Fat tree

Last updated
A fat tree Fat tree network.svg
A fat tree
A 2-level fat tree with 8-port switches Fat-tree.svg
A 2-level fat tree with 8-port switches

The fat tree network is a universal network for provably efficient communication. [1] It was invented by Charles E. Leiserson of the Massachusetts Institute of Technology in 1985. [1] k-ary n-trees, the type of fat-trees commonly used in most high-performance networks, were initially formalized in 1997. [2]

Contents

In a tree data structure, every branch has the same thickness, regardless of their place in the hierarchy—they are all "skinny" (skinny in this context means low-bandwidth). In a fat tree, branches nearer the top of the hierarchy are "fatter" (thicker) than branches further down the hierarchy. In a telecommunications network, the branches are data links; the varied thickness (bandwidth) of the data links allows for more efficient and technology-specific use.[ citation needed ]

Mesh and hypercube topologies have communication requirements that follow a rigid algorithm, and cannot be tailored to specific packaging technologies. [3]

Applications in supercomputers

Supercomputers that use a fat tree network [4] include the two fastest as of late 2018, [5] Summit [6] and Sierra, [7] as well as Tianhe-2, [8] the Meiko Scientific CS-2, Yellowstone, the Earth Simulator, the Cray X2, the Connection Machine CM-5, and various Altix supercomputers.[ citation needed ]

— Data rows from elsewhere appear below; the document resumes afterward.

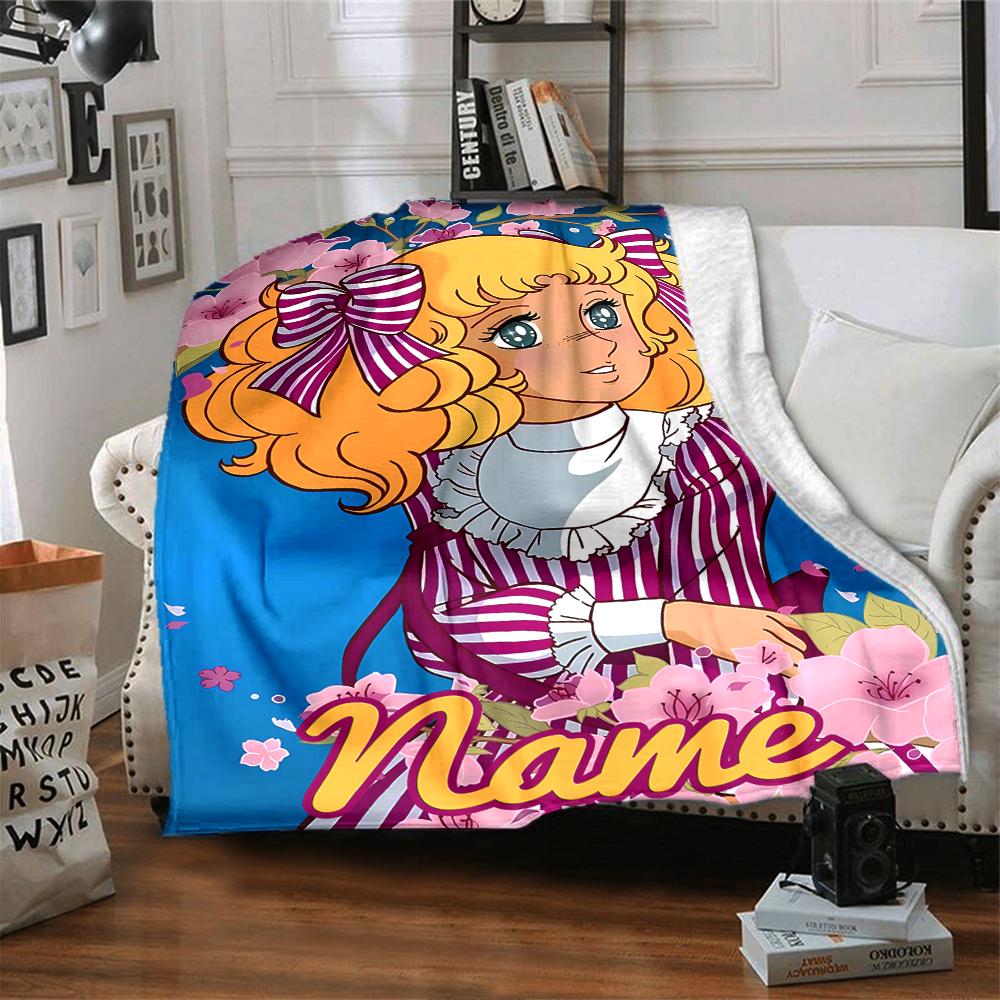 Customiz Name Personality Candy Candy (2) Blanket Soft &Warm Sofa Office Bed Travel Lunch Break Blanket, Gift Suitable for All Seasons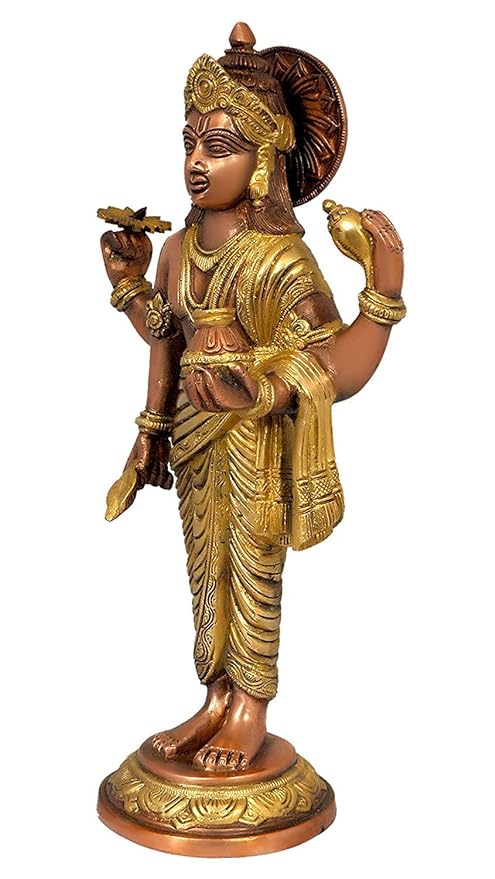 Brass Dhanvantari The Physician of Gods Height 15.5 Inches (Bronze Gold)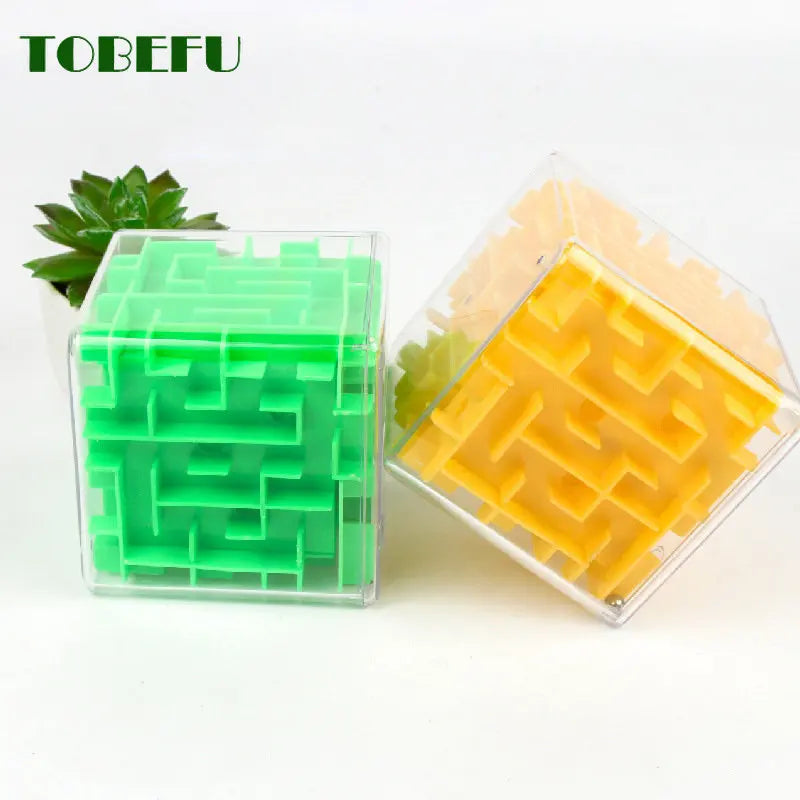 Tobeuf 3d labirinto cubo mágico transparente seis lados quebra-cabeça velocidade cubo rolando bola jogo cubos labirinto brinquedos para crianças educacional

Mercury Computer Systems applied a variant of the fat tree topology—the hypertree network—to their multicomputers.[ citation needed ] In this architecture, 2 to 360 compute nodes are arranged in a circuit-switched fat tree network.[ citation needed ] Each node has local memory that can be mapped by any other node.[ vague ] Each node in this heterogeneous system could be an Intel i860, a PowerPC, or a group of three SHARC digital signal processors.[ citation needed ]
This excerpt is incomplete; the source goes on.